The leader delegates to management, management to administration. And the world goes round. The firm expands its capacity. You all know this but it is worth rehearsing as 96% of the UK’s businesses are micro-businesses. And most want to grow. And relying on the first stage rocket fuel of leadership or entrepreneurial spirit is a costly exercise.

What management has sometimes been able to do in its 100 history is re-capture the core values of a functioning human society. When it doesn’t ‘managerialism’ arises. This is where systems serve themselves not the mission. Of course, much of our organic society was ripped up by industrialisation and urbanisation which gave rise to the ‘modern society’. And management as a profession is in some self-reflection. Is it an exercise in modern progress (modernity = building a free society via capital owning individualists) or aiding ancient institutions (tradition = restoring an ordered, natured pastoral society based on solidarity between the generations)? This is a paradox for later discussion.

Of course currently, we want both: ancient and modern. A loving home, supported by ancient institutions within a law-abiding safe society, but with the freedom to escape via technology. We probably can’t have both in their fullness which the Brexit debate has discovered.

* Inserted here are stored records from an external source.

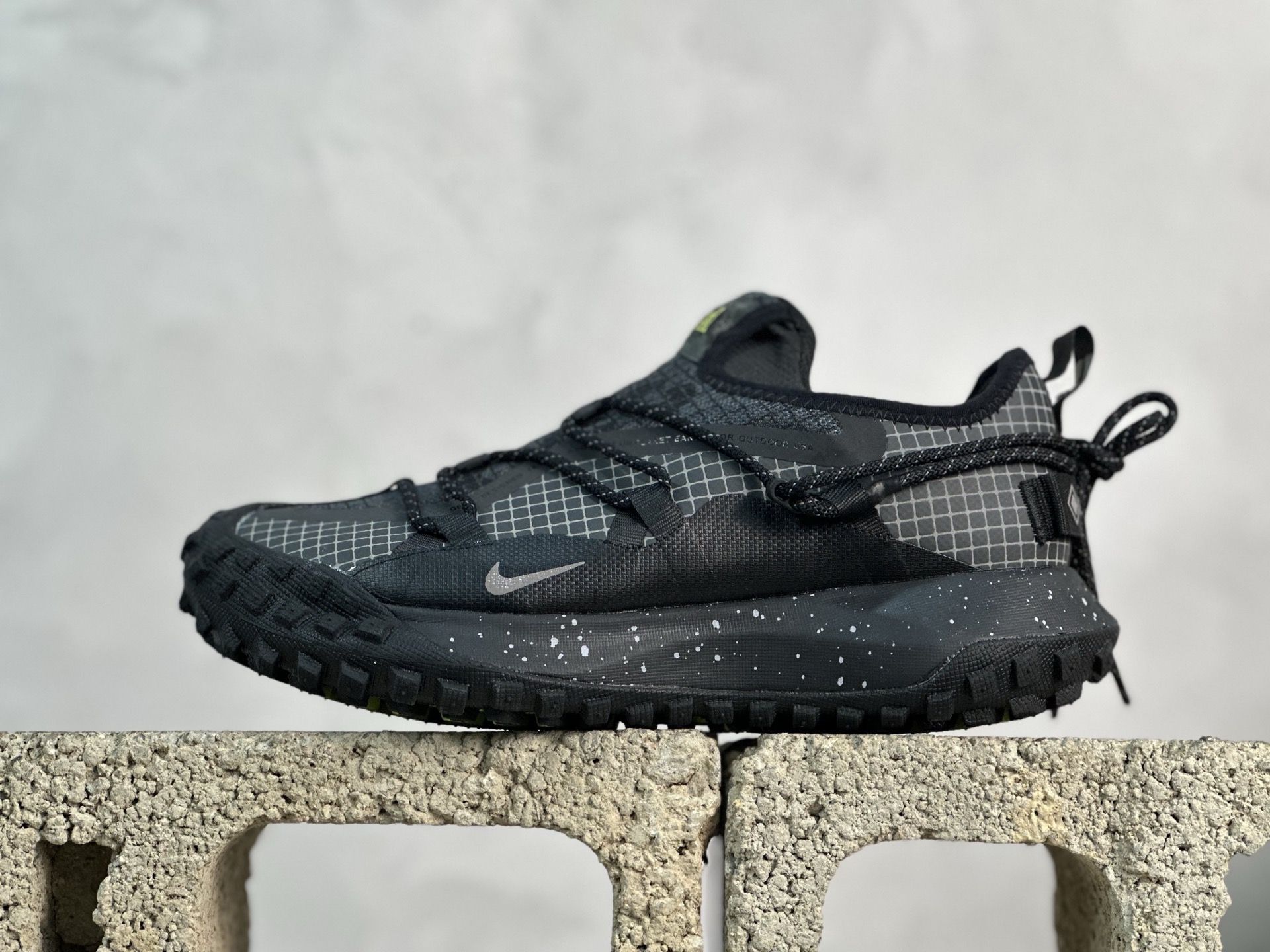 💰160 放店私
ACG MOUNTAIN LOW GTX SE 复古潮流户外登山鞋防水慢跑鞋 
全新来袭 该款沿袭前代高帮版型的设计传统 轻盈鞋面结合灵巧的脚踝包裹设计 为双足打造出一体化的舒适脚感 助力轻松畅行 中底融入柔软的React泡棉与Vaporfiy 科技 让你在岩石小径徒步时也像行走在都市般轻松舒适 粘性橡胶大底铸就了攀岩级别的出众抓地力 助你从容面对各种环境挑战 
SIZE：36 36.5 37.5 38 38.5 39 40 40.5 41 42 42.5 43 44 44.5 45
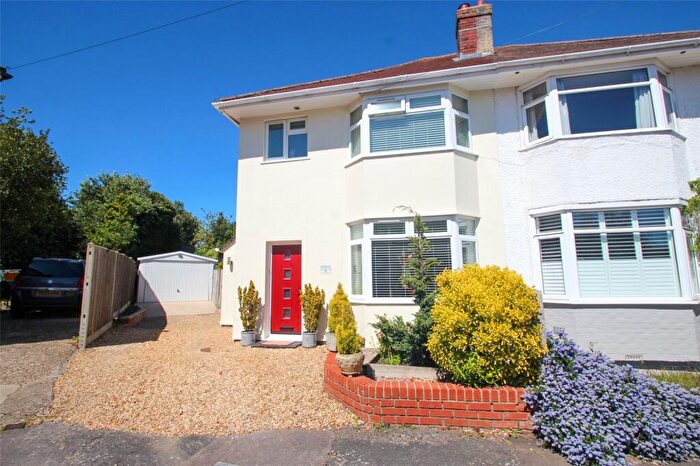 3 Bedroom Semi Detached House For Sale In The Close, Hamble, Southampton, Hampshire, SO31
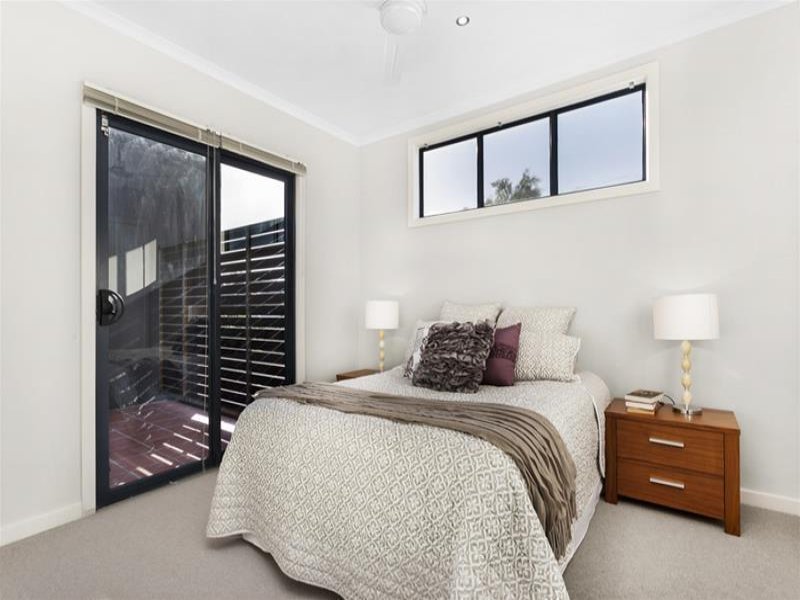 2/46 Halpin Street, Brunswick West image 4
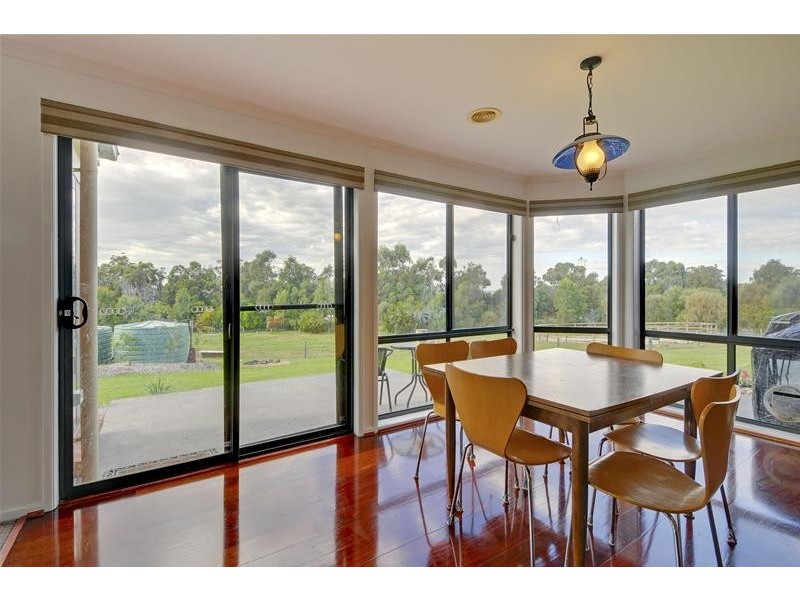 10 Hilsley Court, Toongabbie VIC 3856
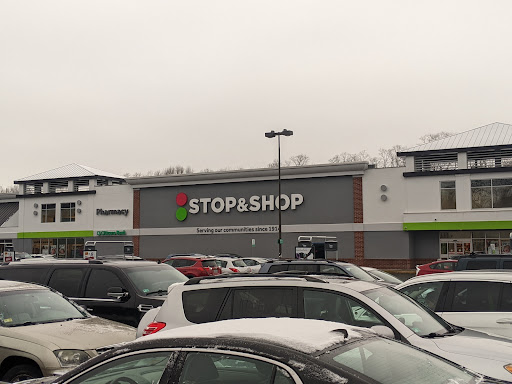 Grocery Store «Stop & Shop», reviews and photos, 1128 Mineral Spring Ave, North Providence, RI 02904, USA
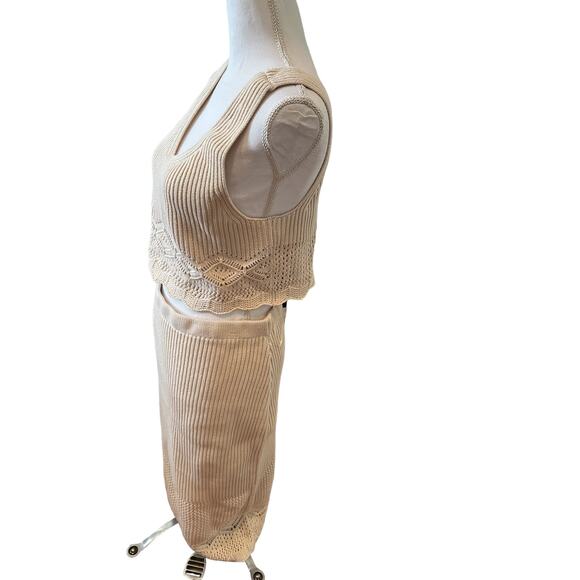 House of Harlow 1960 Revolve Crochet Ribbed Knit Cropped Top Skirt Set M - Picture 4 of 7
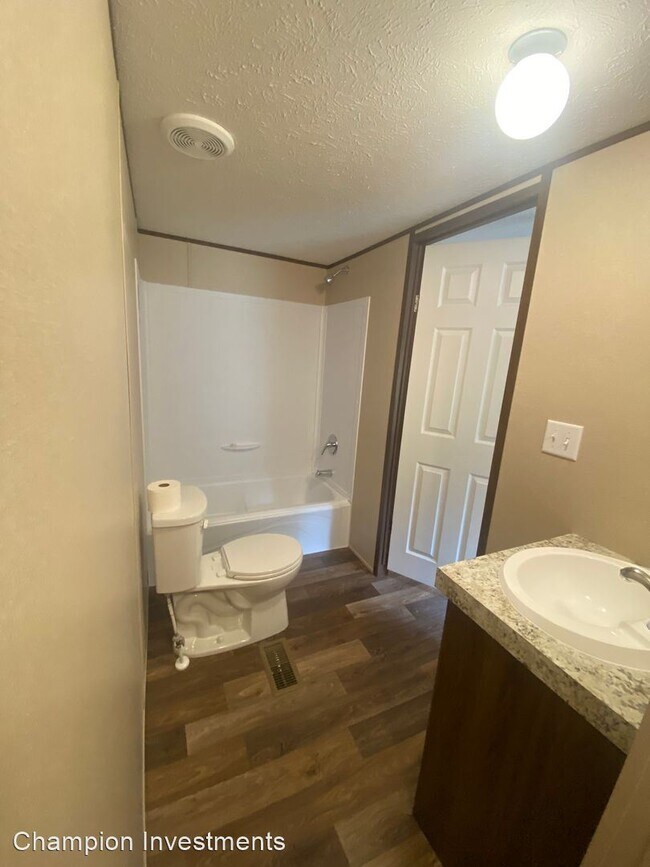 Building Photo - 2 br, 2 bath House - 103 Kern ct.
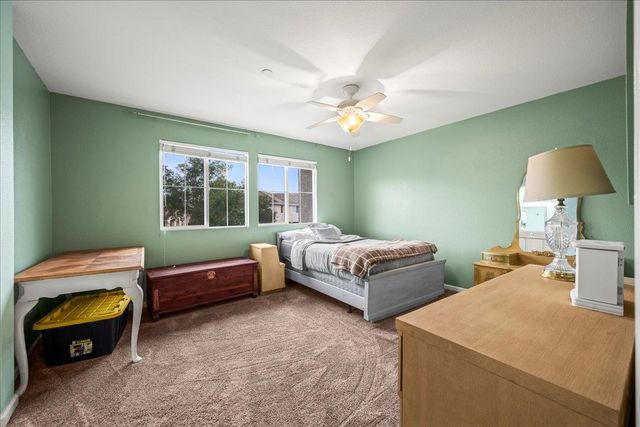 1902 Esplanade Cir, Folsom, CA 95630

So, leaders then are required to establish good governance frameworks. They either hand over decision-making authority to appointed managers or potentially restrict their organisation’s longevity. The American corporation boomed in the early 20th century in large part to its exemplary ability to delegate responsibility as part of the impressive American management ethos. Professional management is very much the vision of the American corporation. Britain, renowned for its inventive spirit, struggled to form an egalitarian society and engage its workforce in adaptation. Its social fabric tore in the 1970s as it recognised too late its economic model was long dead.

In response, British management has followed its American counterparts into business school classrooms to place the art and craft of practice alongside the science of organisational study. British managers have over the decades begun to discuss ‘strategy’ and ‘leadership’ through the lens of the theoretical as well as the lens of experience and pragmatism. All lenses are needed to compete.

What this academic contribution won’t do is limit the impulses of leaders to either have the arrows of decision making pointing in towards them or out towards the members of the organisation. The role of the leader-founder is to recognise their consciousness might be 100 feet wide and their colleagues’ consciousness 50, but once you combine and collaborate with colleagues’ thinking it forms a much greater whole.

If our bi-weekly refuse collection relied on an entrepreneur’s ability to manage it we will have the streets piled high. Human society needs ritualised practices that require institutionalisation of the organisation. As dull as that sounds. But this is where the tension between leadership and management lies. My own ritual of teeth cleaning every morning and evening is done in an unconscious back of brain fug of unthinkingness. Such ability to pass the front of brain activity to the rear (I know that’s not scientific) means human energy is conserved and my frontal lobes can get to work on new thinking. And so the organisation that constantly has to think and discuss its regular activity will burn out. Often a leader’s need to be at the centre of activity is a deeply personal one. The leader who recognises their role as a servant of the wider good will happily give away responsibility all day long. Usually to the grey-suited general manager. Who are beautiful things.